Another place to check - make sure the old URLs are not on the current sitemap and check to see the date of the sitemap that Google is using for the old URLs. I've found that submitting a new sitemap can help lower 404s, as if old URLs are in the sitemap they are using it confuses them. In the list format for sitemaps it shows the date last crawled for each sitemap, but if you click on the sitemap you may see it was last fetched a month ago.

lucy24

7:39 am on Nov 22, 2015 (gmt 0)

WebmasterWorld Senior Member 10+ Year Member Top Contributors Of The Month



Does a 410 GONE statement need to remain in the .htaccess after the specified URL’s are gone from Google’s index? Once the instruction has been actioned, it would seem unnecessary to keep repeating the instruction. Correct or not?

Google never forgets an URL. It's true that once something is gone from its index it can never reappear, but they will keep requesting it periodically. An explicit 410 helps reinforce the message that it's really gone and they should stop asking. (This applies specifically to google. Other search engines don't seem to distinguish between 404 and 410 when it comes to crawling.)

Besides, there's a practical advantage: If you return a 410, the server doesn't have to go physically look for the file, as it would before returning a 404. (Still worse, of course, if the 404 is returned by a CMS only after pawing through your whole database.)

blend27

1:58 pm on Nov 23, 2015 (gmt 0)

WebmasterWorld Senior Member 10+ Year Member Top Contributors Of The Month



Google never forgets an URL.

Ditto that, especially if there are links from other sites pointing to the old URL.

I am currently working on a site that got hacked 18 month ago. Site got cleaned up but over 100,000 back-links from other hacked sites(over 4000 domains - 3/4 from China) still pointing to none existent pages that we created by the hack.
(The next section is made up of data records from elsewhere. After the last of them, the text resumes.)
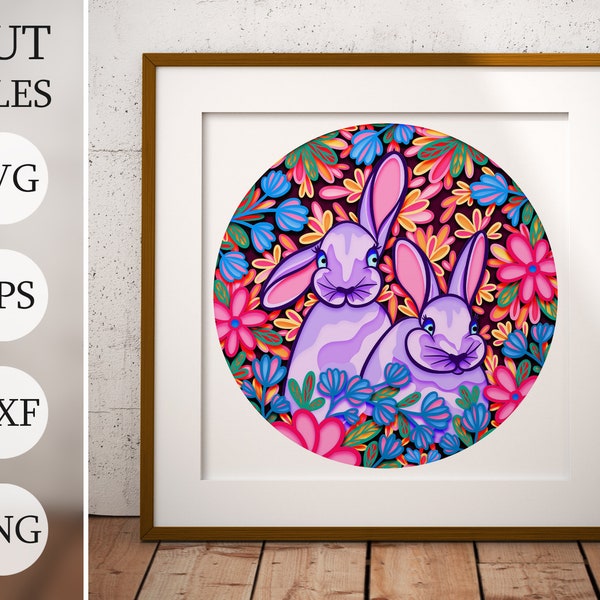 Easter Rabbits in flowers 3d Shadow Box SVG, Layered Files For Cricut, Cardstock SVG, Laser cut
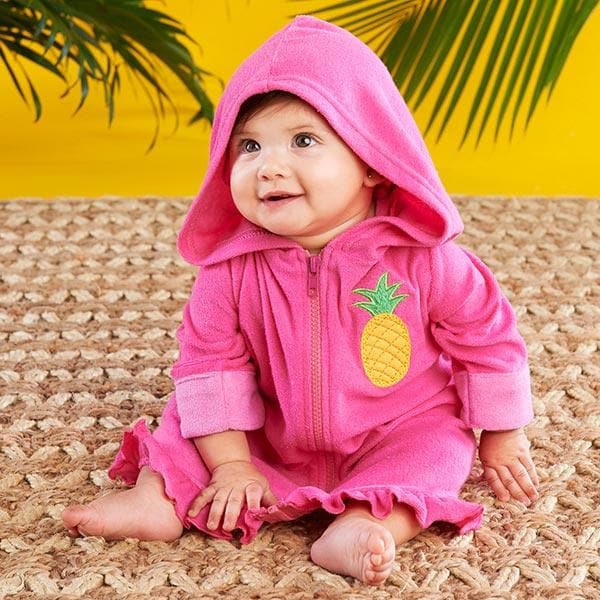 Tropical Pineapple Hooded Beach Zip Up (Personalization Available)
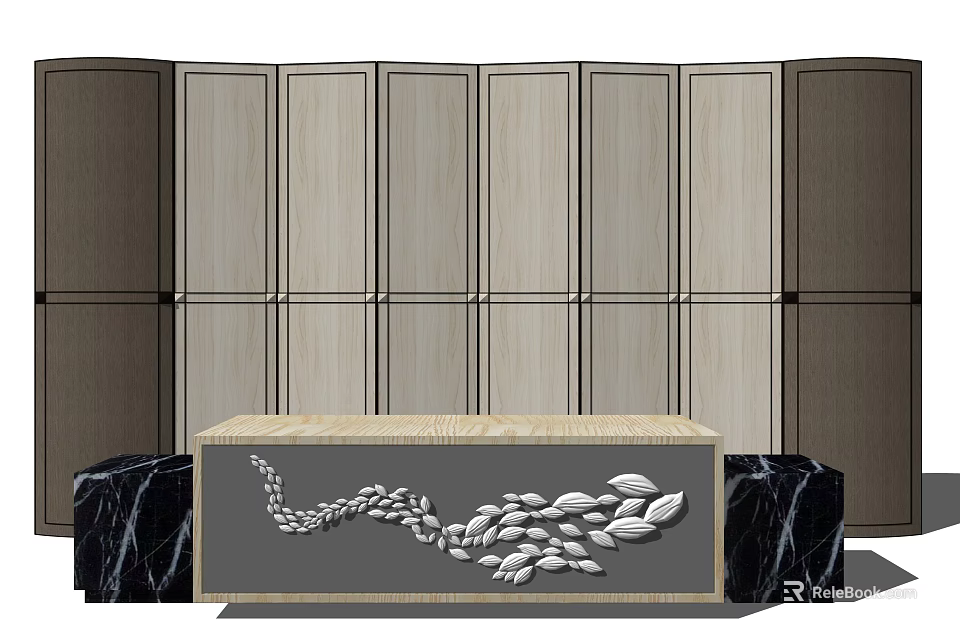 Modern Reception Desk With Wooden Cabinets Marble Base And Leaf Pattern Design 3d model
So Goog requests about 50-60 URIs on daily bases, All 410s for 18 month now - no matter.

keyplyr

1:13 am on Dec 1, 2015 (gmt 0)

WebmasterWorld Senior Member 10+ Year Member Top Contributors Of The Month



Does a 410 GONE statement need to remain in the .htaccess after the specified URL’s are gone from Google’s index?
Google never forgets an URL...

So to keep it out of GWT (Google Search Console) Crawl Errors, I always Disallow the old page in robots.txt.